U.S. agency recommends e-voting paper trail

The U.S. National Institute of Standards and Technology (NIST) has recommended that the U.S. government require touch-screen electronic voting machines to include independent audit technology, such as printouts.

"The lack of an independent audit capability in systems is one of the main reasons behind continued questions about voting system security and diminished public confidence in elections," says a NIST paper released this month. "In practical terms the software-dependent approach cannot be made secure or highly reliable."

The Technical Guidelines Development Committee of the U.S. Elections Assistance Commission (EAC) is scheduled to review the NIST's recommendation that direct record electronic (DRE) machines include voter-verified paper trails or other auditing mechanisms at a meeting Monday and Tuesday.

DREs do not assure that voting records are accurate, and 15 states using the e-voting machines do not use independent audit mechanisms statewide, the NIST paper says.

"Trust in an election outcome relies heavily upon trusting the correctness of the DRE's software and upon trusting that the DRE software has not been replaced or tampered with," the paper says. "Simply put, the DRE architecture's inability to provide for independent audits of its electronic records makes it a poor choice for an environment in which detecting errors and fraud is important."

A spokesman for the Information Technology Association of America (ITAA), representing e-voting machine vendors, didn't immediately return a message seeking comment on the NIST recommendations. The ITAA has argued that paper trail ballots may simply print out the same results stored on the DREs. Paper trail systems can be costly to add on to DREs, and printer breakdowns can cause problems during elections, the ITAA has said.

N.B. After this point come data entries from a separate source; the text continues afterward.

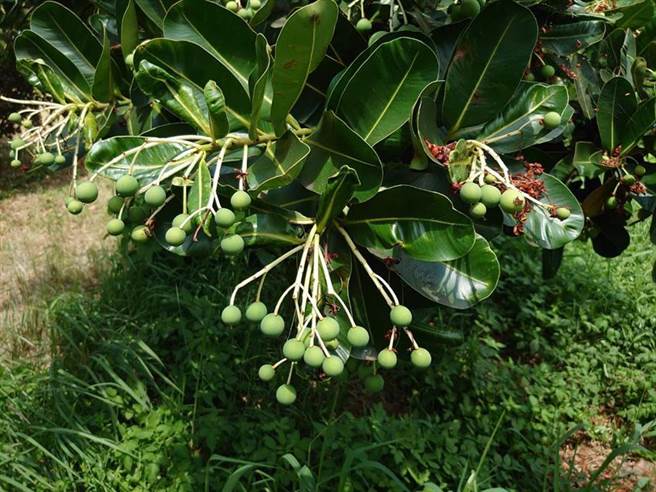 （林试所在20年生的琼崖海棠造林地进行施肥作业，得到增产的效果。图／林试所提供）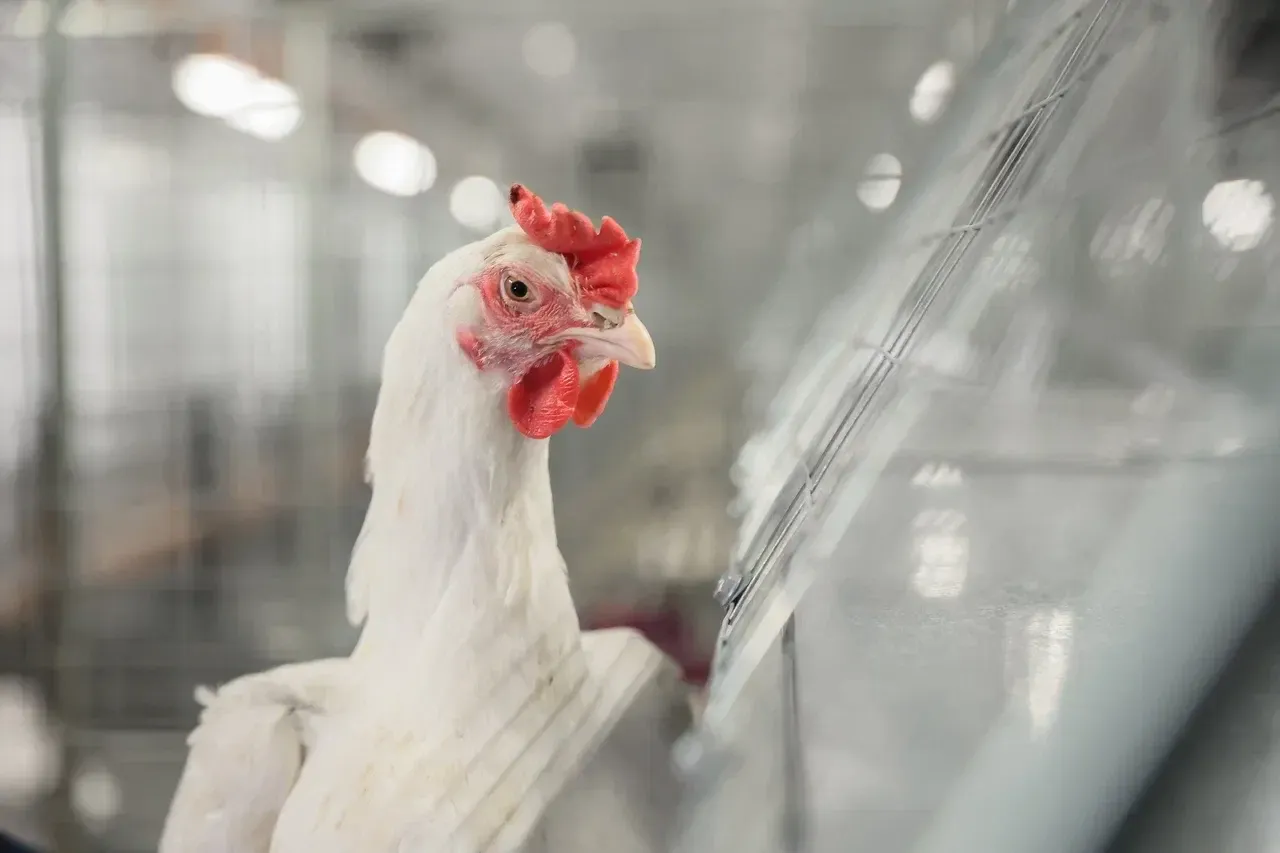 Фото: пресс-служба губернатора Московской области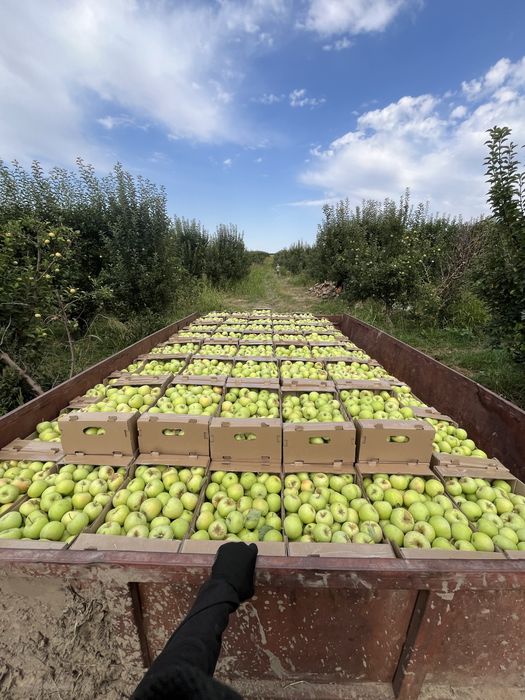 яблоко лимонка алма жаксы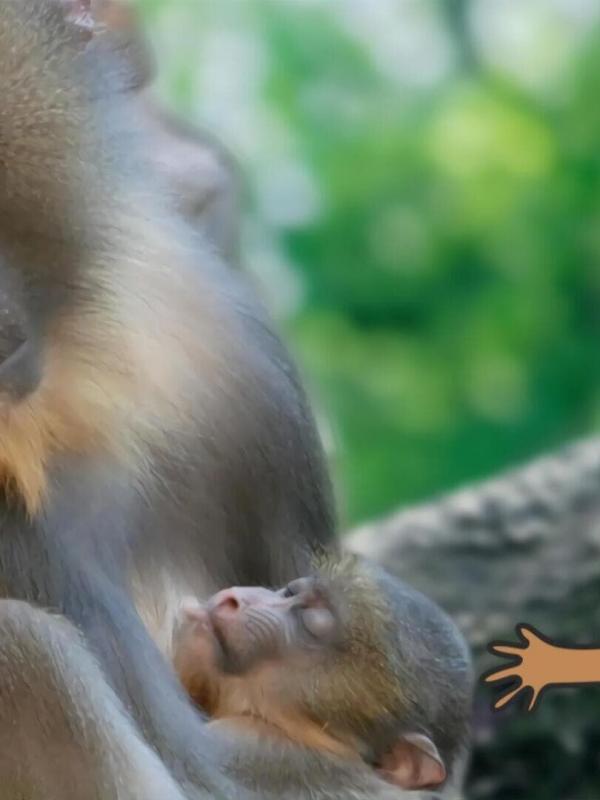 L'imagier animé de Koumi S2 E20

One e-voting critic praised the report. "That's really good news," said Barbara Burt, director of the election reform program at Common Cause, one of several groups calling for e-voting paper trails. "It looks like it's going to help us finally get rid of the paperless DREs."

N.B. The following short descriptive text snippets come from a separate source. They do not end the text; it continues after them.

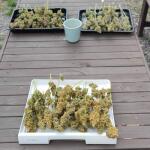 smoothie-auto-fem-fastbuds.jpg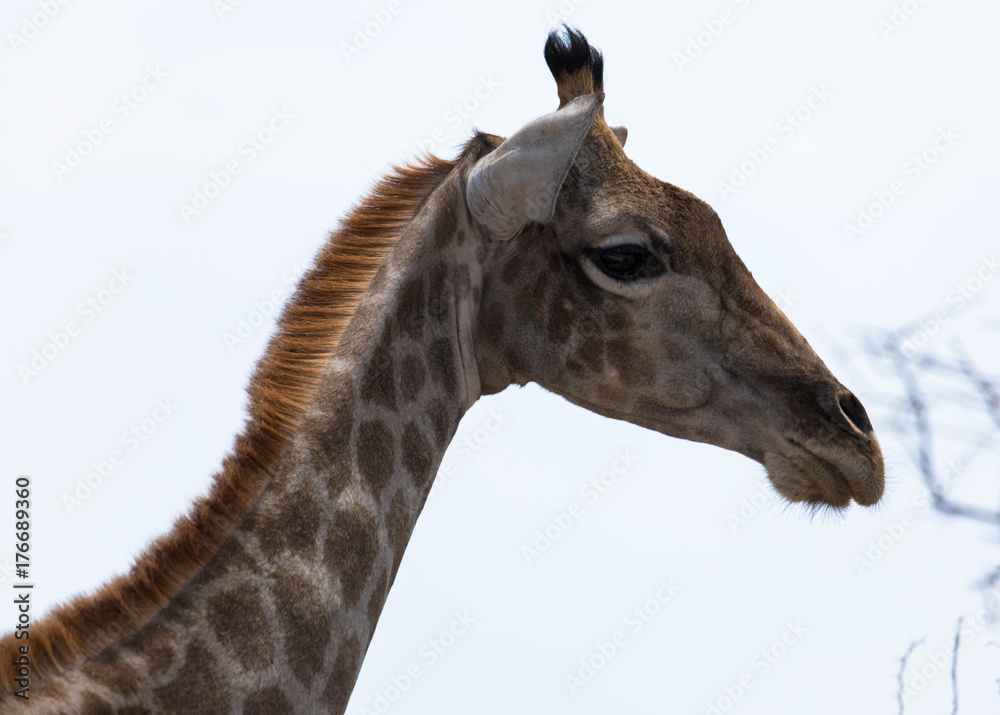 Naklejka premium Kopf einer Giraffe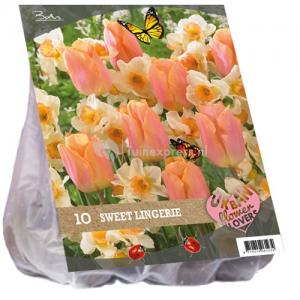 Baltus Urban Flowers Sweet lingery bloembollen per 10 stuks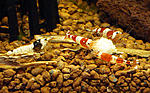 shrimp 2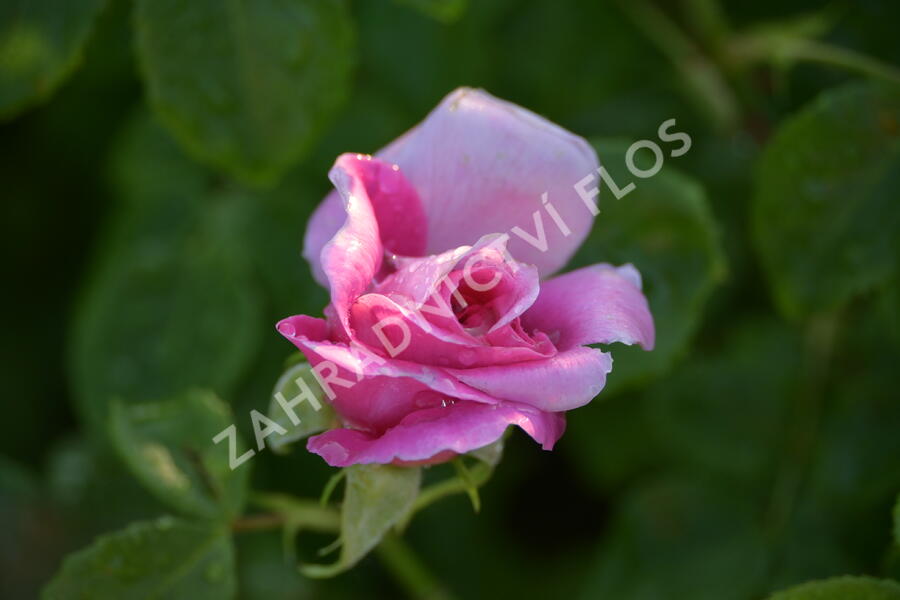 Anglická růže Davida Austina 'Princess Anne' - Rosa S 'Princess Anne'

NIST's recommendations come after scattered reports of problems with DREs in the Nov. 7 U.S. elections. In Florida's 13th congressional district, Democratic candidate Christine Jennings has filed a lawsuit asking for a revote after 18,000 voters failed to cast a vote in the U.S. House of Representatives race.

Two recounts found Republican Vern Buchanan the winner of the race, but Sarasota County did not require the Elections System and Software (ES&S) e-voting machines to include paper printouts to back up the electronic vote.

While e-voting supporters say the machines make it hard to undervote, Sarasota County voters cast about 16,000 more votes in the Florida governor's race and in the Florida Senate race than were recorded in the House race. About 4,000 more people cast ballots for the county's Southern District Hospital Board than were recorded in the House race.

Thirty-five states either mandate voter-verified paper-trail systems or use them statewide without a mandate, according to the NIST report. But 10 states use paper-trail ballots on a county-by-county basis, and five states, including Maryland, Georgia and Louisiana, use DREs statewide without paper- trail ballots.

The NIST paper published this month recommends states use "software-independent" voting systems, using either paper-trail ballots or cryptographic audit systems instead of relying on the "correctness of the software" for election results.

The paper suggests that the EAC require audit mechanisms in e-voting machines, and recommends that federal election officials stop certifying e-voting machines without independent audit systems after 2009 or 2010.